Tiefseebergbau: Welche Risiken bestehen?

Tiefseebergbau: Welche Risiken bestehen?

Nachhaltigkeit: Kooperation mit Impakter Magazine
Visuelle Darstellung Tiefseebergbau

Ein neuer Bericht des WWF fordert die Regierungen auf, die Entwicklung des Tiefseebergbaus zu stoppen, da dieser erhebliche Schäden für die Umwelt verursacht.

Der neue WWF-Bericht mit dem Titel „Analyse der Auswirkungen des Tiefseebergbaus auf den globalen Biodiversitätsrahmen und die Agenda für nachhaltige Entwicklung“ hebt die möglicherweise irreparablen Schäden hervor, die der Tiefseebergbau für die marine Biodiversität, die Regulierung des Klimas und die nachhaltige Entwicklung verursachen könnte. Der Bericht bewertet die Bedrohung, die vom Tiefseebergbau ausgeht, indem er sie in Beziehung zum Globalen Biodiversitätsrahmen (zu engl. Global Biodiversity Framework (GBF)) und zur Agenda der Ziele für nachhaltige Entwicklung (zu engl. Sustainable Development Goals (SDGs)) setzt.

Laut dem WWF-Bericht sind nahezu alle Ziele des Globalen Biodiversitätsrahmens (GBF) für 2030 sowie die Ziele für nachhaltige Entwicklung (SDGs) durch den Tiefseebergbau gefährdet. Insgesamt könnten 18 von 23 GBF-Zielen und 16 von 17 SDGs negativ beeinträchtigt werden, was den Tiefseebergbau zu einer nicht nachhaltigen Option im Rahmen der grünen Transformation macht.

Analysis of the Implications of Deep Seabed Mining for the Global Biodiversity Framework and the Sustainable Development Agenda | © Foto: WWF Bericht

Was ist Tiefseebergbau?

Der Tiefseebergbau umfasst die Gewinnung von Mineralien aus dem Tiefseeboden (in 200 Metern Tiefe oder mehr). Die Tiefsee ist nach wie vor weitgehend unerforscht – ein aktueller Bericht schätzt, dass nur etwa 2–3 % des Meeresbodens bislang erkundet wurden.

Der weltweite Wandel zur Erreichung der Klimaziele hat eine erhöhte Nachfrage nach kritischen Mineralien entstehen lassen. Zu den gefragten Mineralien zählen Kobalt, Lithium, Kupfer und Nickel, die für die Herstellung sauberer Energietechnologien wie Windturbinen, Solarmodule und Elektrofahrzeuge unerlässlich sind.
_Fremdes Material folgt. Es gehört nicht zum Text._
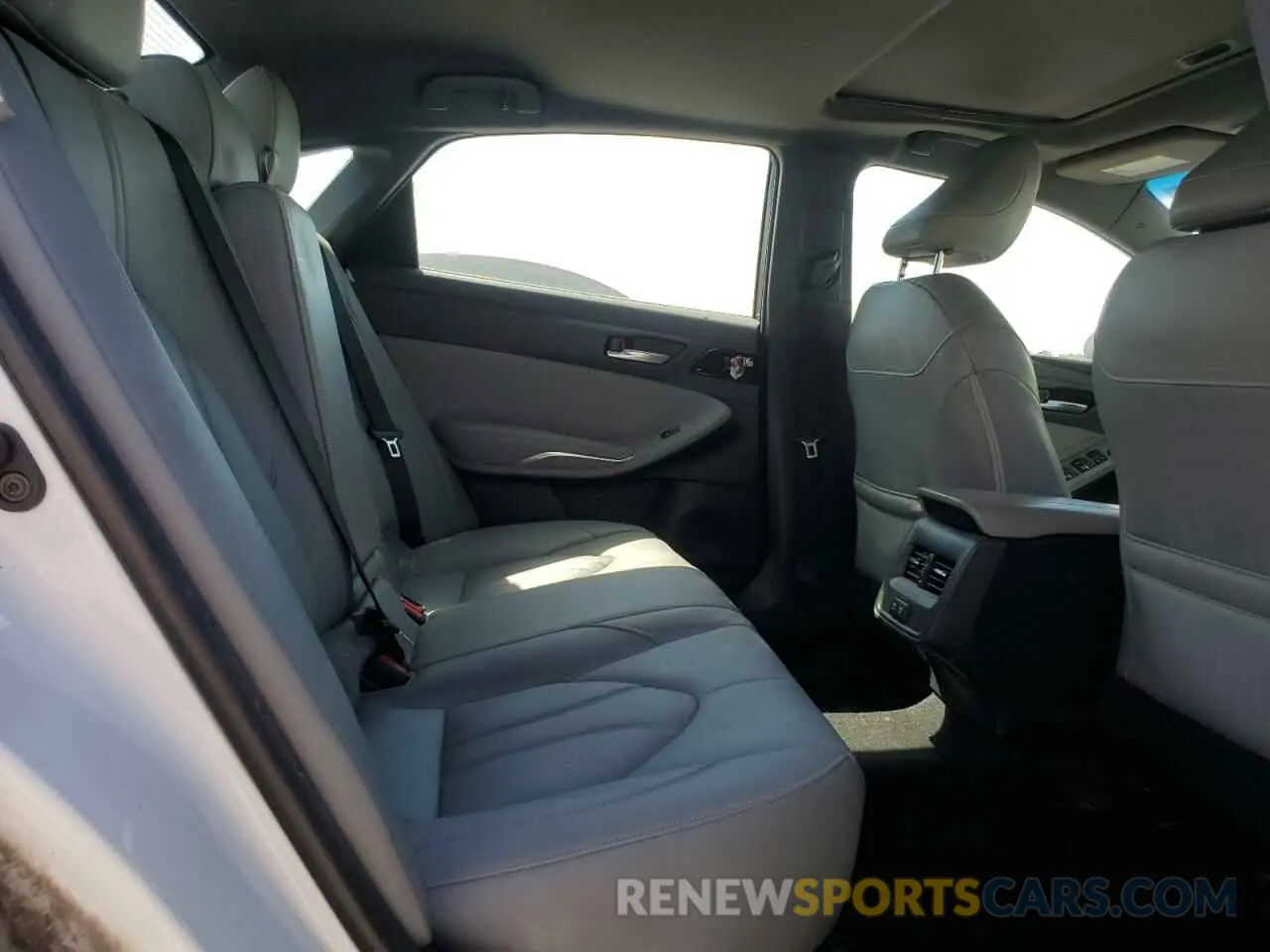 10 Photograph of a damaged car 4T1BZ1FB7KU006611 TOYOTA AVALON 2019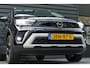 Opel Crossland 1.2 TURBO 110PK ULTIMATE Alcantara | Camera | Carplay | Parkeersensoren Rondom | Climate Control | 17" Lichtmetaal | Camera  | Achteruitrijcamera | Apple Carplay/Android Auto|telefoonintegratie premium | Bluetooth telefoonvoorbereiding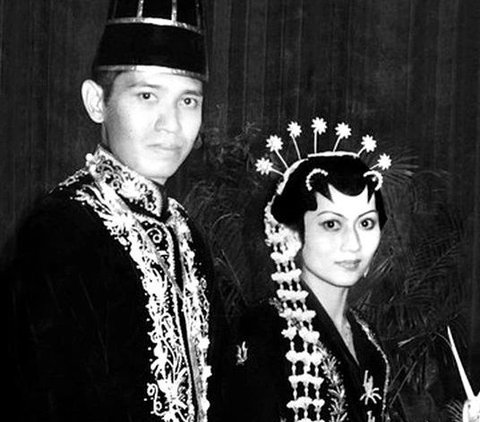 Kini, hanya ada kenangan dari keduanya yang tersimpan rapi dalam selembar foto, video maupun sebuah karya. Salah satunya adalah foto pernikahan SBY dan Ani Yudhoyono yang baru-baru ini beredar luas. <br>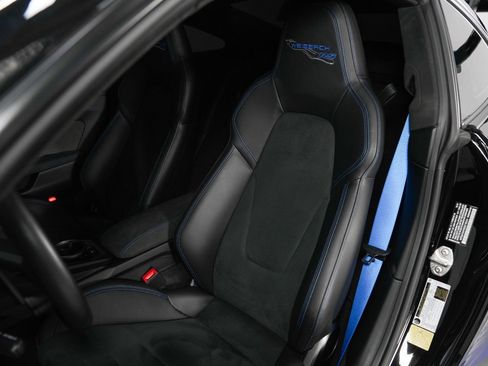 Used 2025 Porsche 911 GT3 RS w/ Weissach Package RWD image 40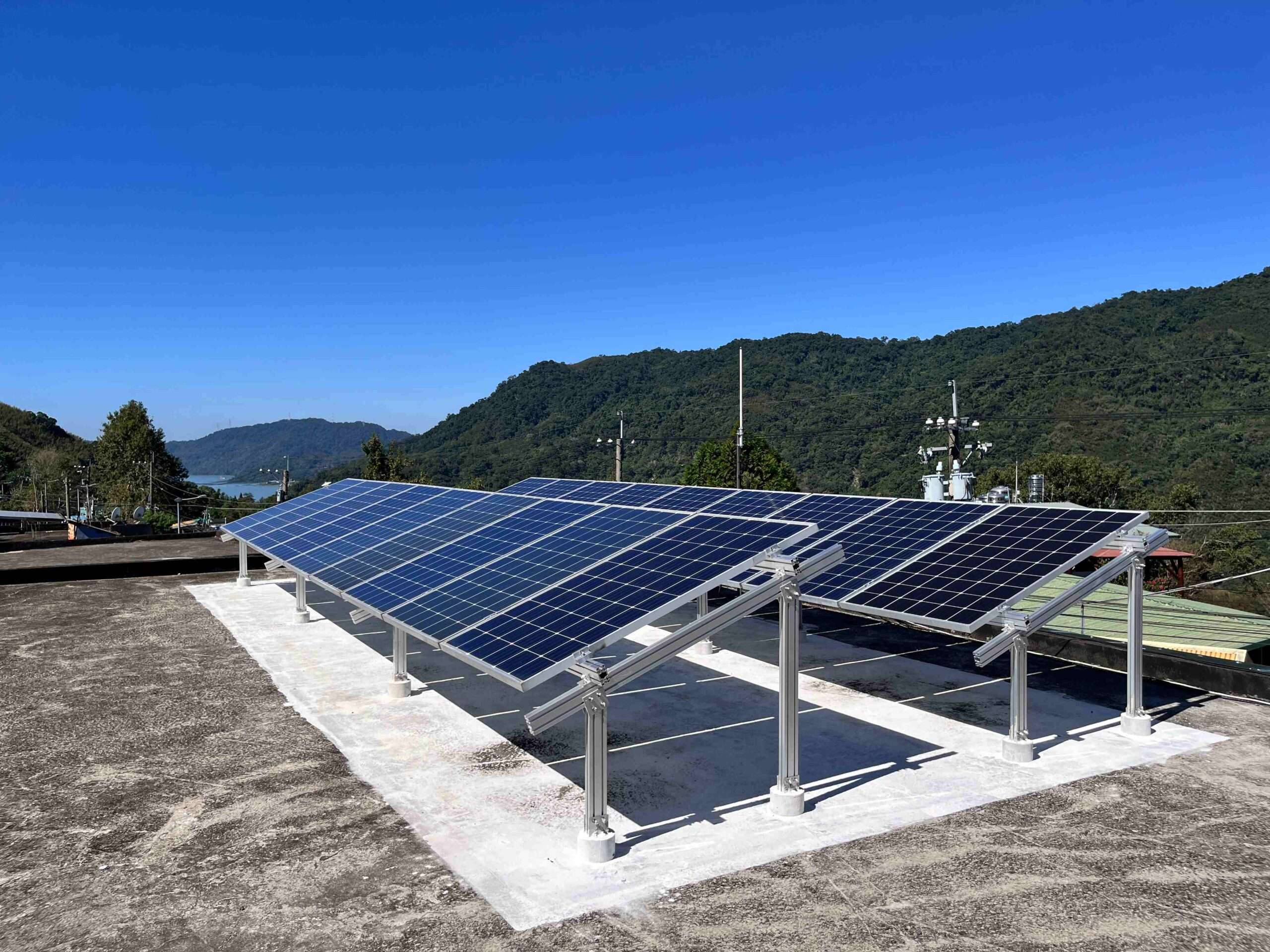 2.系統日發電量約16 度，約可供 1.5 戶日常用電需求。 scaled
Obwohl der Tiefseebergbau eigentlich die Produktion sauberer Energie unterstützen soll, wird diese gut gemeinte Form der Rohstoffgewinnung stattdessen eine Vielzahl verheerender Umweltauswirkungen verursachen. Von der Zerstörung von Tiefseelebensräumen und der Schädigung der Fischerei bis hin zur Verschärfung sozialer und wirtschaftlicher Ungleichheiten – dieser Bericht macht deutlich, wie dringend ein Stopp der Tiefseebergbaupraktiken erforderlich ist.
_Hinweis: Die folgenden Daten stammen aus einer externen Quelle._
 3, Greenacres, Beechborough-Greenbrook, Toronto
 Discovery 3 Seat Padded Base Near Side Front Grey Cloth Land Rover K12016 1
Illustration von Tiefseebergbau | © Foto: WWF

Was sind die Risiken?

Biodiversitätsverlust

Die derzeit praktizierten Methoden der Rohstoffgewinnung im Tiefseebergbau sind äußerst zerstörerisch, da sie Gebiete des Meeresbodens abtragen und stören, die zahlreichen ökologisch-wichtigen und endemischen Arten (also Arten, die nirgendwo sonst auf der Welt vorkommen) als Lebensraum dienen.
Der Tiefseebergbau würde zu schwerwiegender und unmittelbarer Zerstörung von Lebensräumen am Meeresboden führen, mit langfristigen Auswirkungen auf Tiefsee Ökosysteme, die sich nur äußerst langsam erholen. Inwieweit sich die Tiefsee überhaupt von den Eingriffen des Tiefseebergbaus erholen kann, ist unbekannt.
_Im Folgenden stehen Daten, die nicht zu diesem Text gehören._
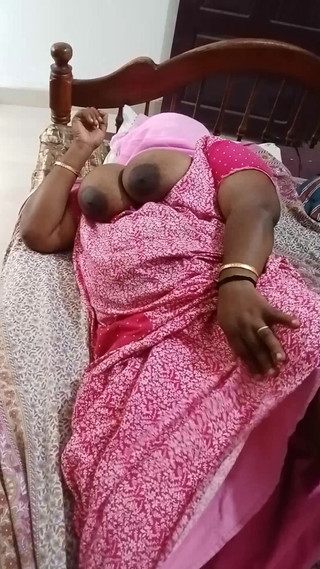 Indian Anty Bedroom Finger Massage
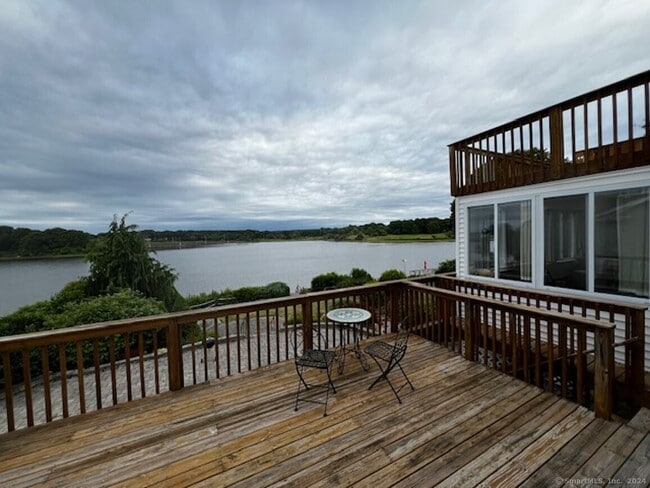 Foto del edificio - 123 Seneca Dr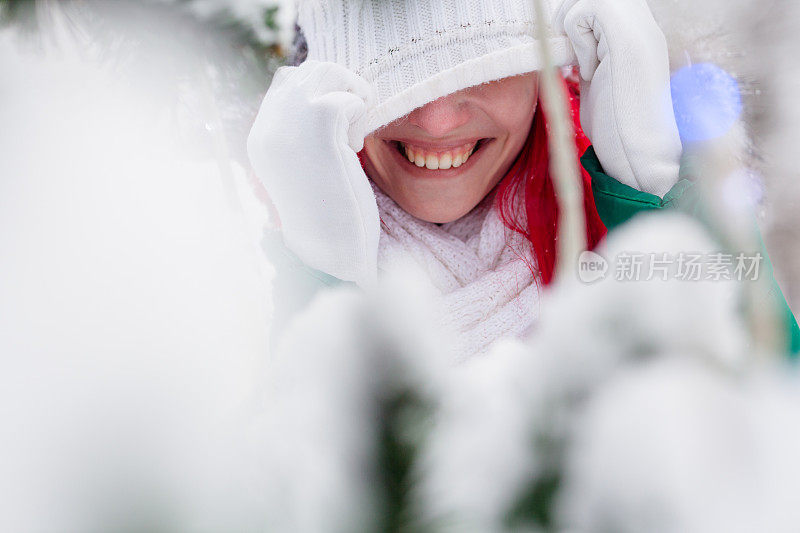 白雪森林里一个女孩的肖像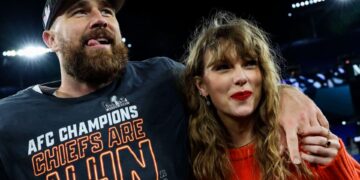 Taylor duket kaq e lumtur teksa mban për dore të dashurin Travis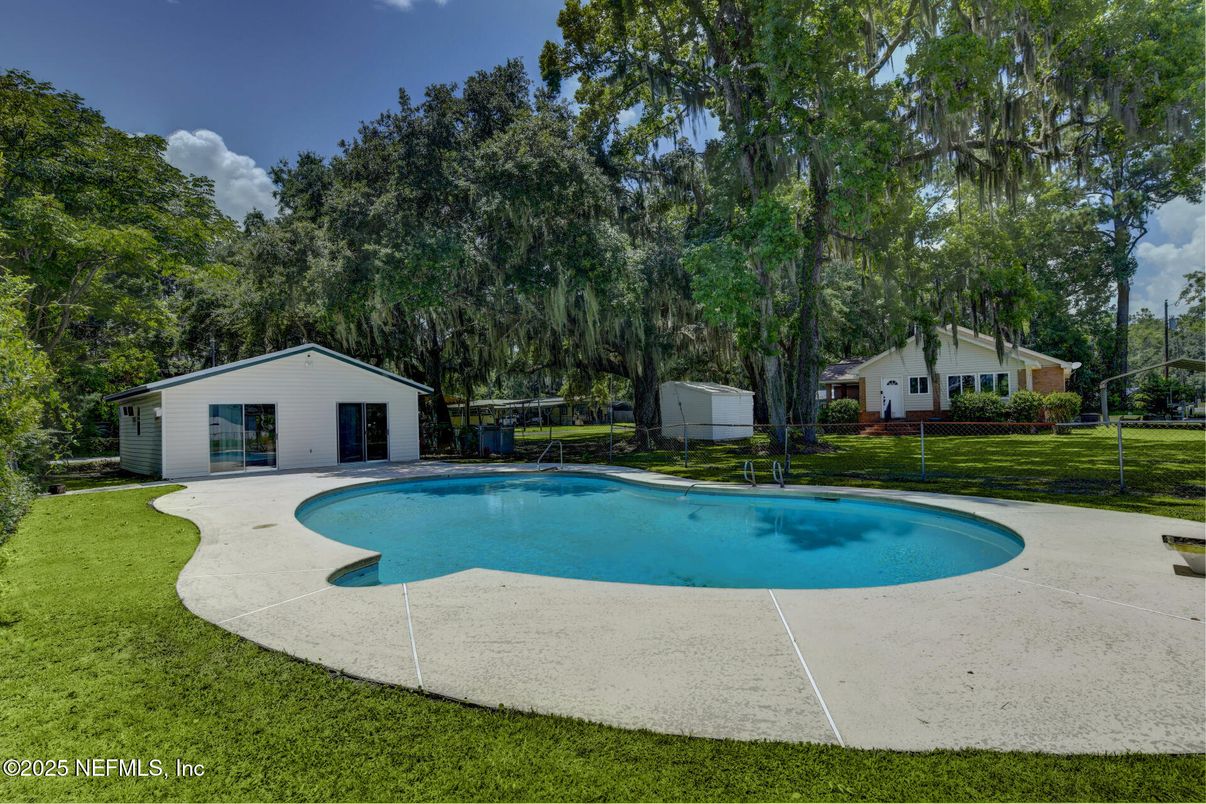 Exterior, Pool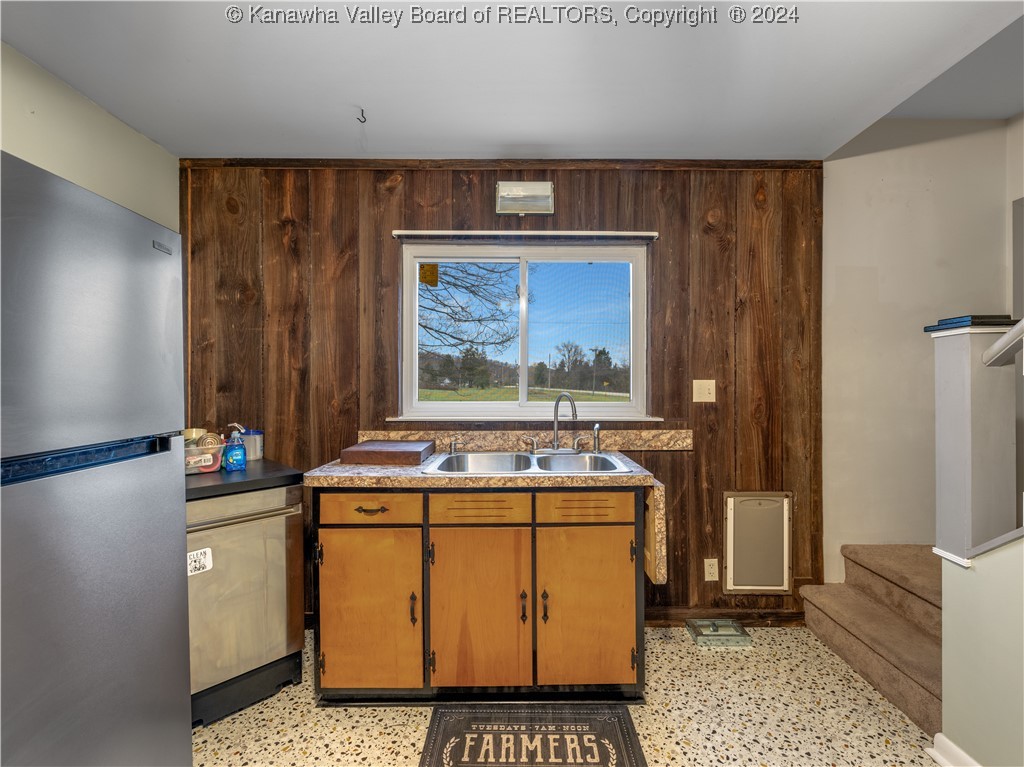 19435 Winfield Road Fraziers Bottom, WV 25082 - Photo 31 of 41 Gallery Image 31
Eine neugierige Groppe im Arktischen Ozean nahe Norwegen | © Foto: Solvin Zankl / Greenpeace

Der Einsatz von Tiefseebergbau würde mehrere Schadstoffe in die Meeresumwelt einbringen. So ist beispielsweise Kupfer, das aus dem Abbau in die naheliegenden Wassersäulen gelangen würde, für Meeresorganismen hochgiftig und kann tödliche Folgen haben. Der Tiefseebergbau erfordert zudem eine umfangreiche Infrastruktur und schwere Maschinerie, was das Risiko von Ölverschmutzungen und anderen Formen der Verschmutzung durch große Schiffe und erhöhten Schiffsverkehr erhöht (z. B. Lärm-, Licht-, Mikroplastik- und Schwermetallbelastung durch Farben).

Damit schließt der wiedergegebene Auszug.